▸ RECORD EXCERPTS
◆ ◆ ◆ ◆ ◆

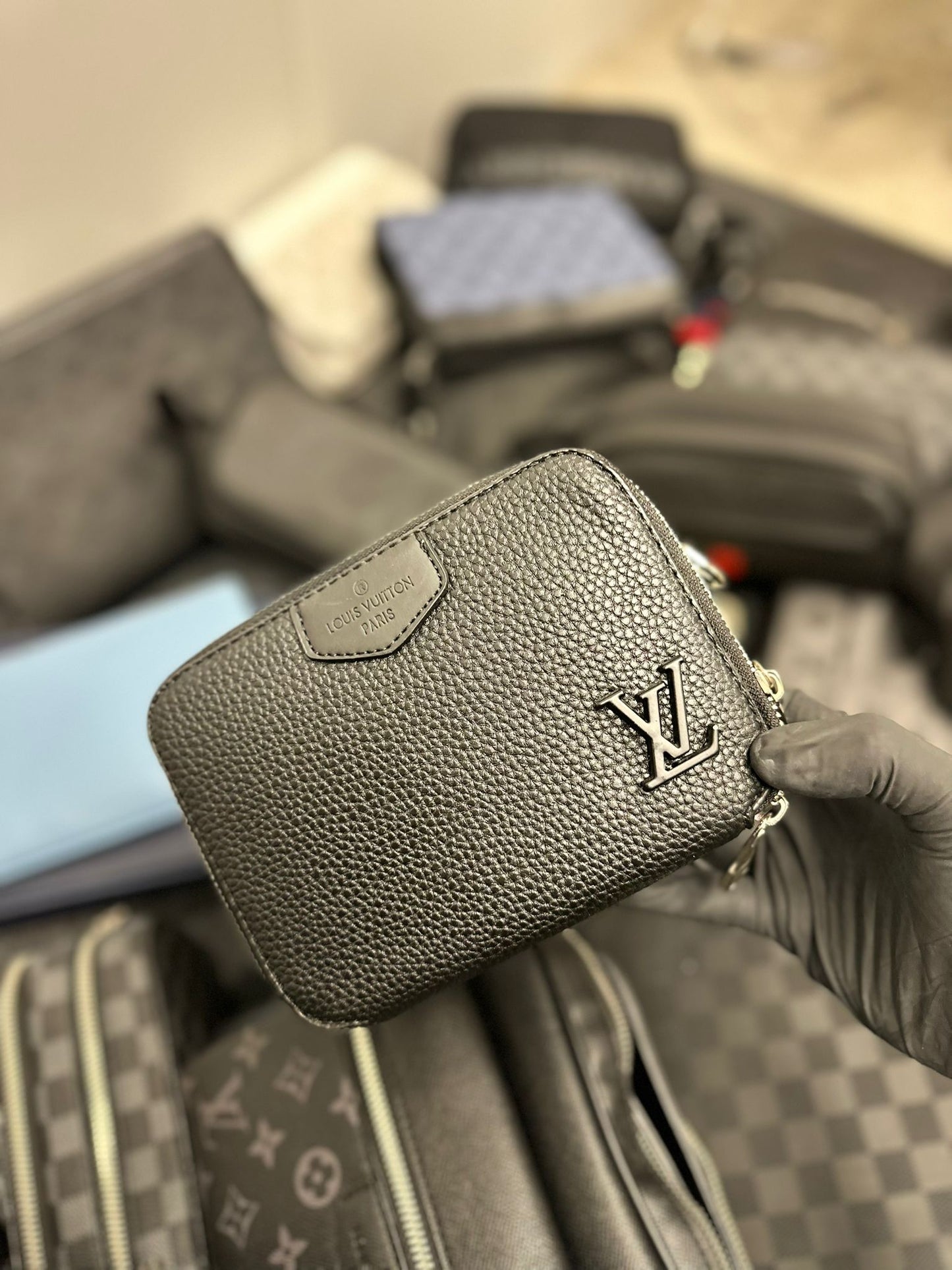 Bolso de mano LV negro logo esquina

◆ ◆ ◆ ◆ ◆

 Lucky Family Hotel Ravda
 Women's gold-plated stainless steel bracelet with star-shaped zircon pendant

◆ ◆ ◆ ◆ ◆

▸ WORK INSTRUCTION
Using the data above, print exactly the lines from the line that contains "Lucky Family Hotel Ravda" through the line that contains "Women's gold-plated stainless", with both included.

▸ SOLUTION BELOW
 Lucky Family Hotel Ravda
 Women's gold-plated stainless steel bracelet with star-shaped zircon pendant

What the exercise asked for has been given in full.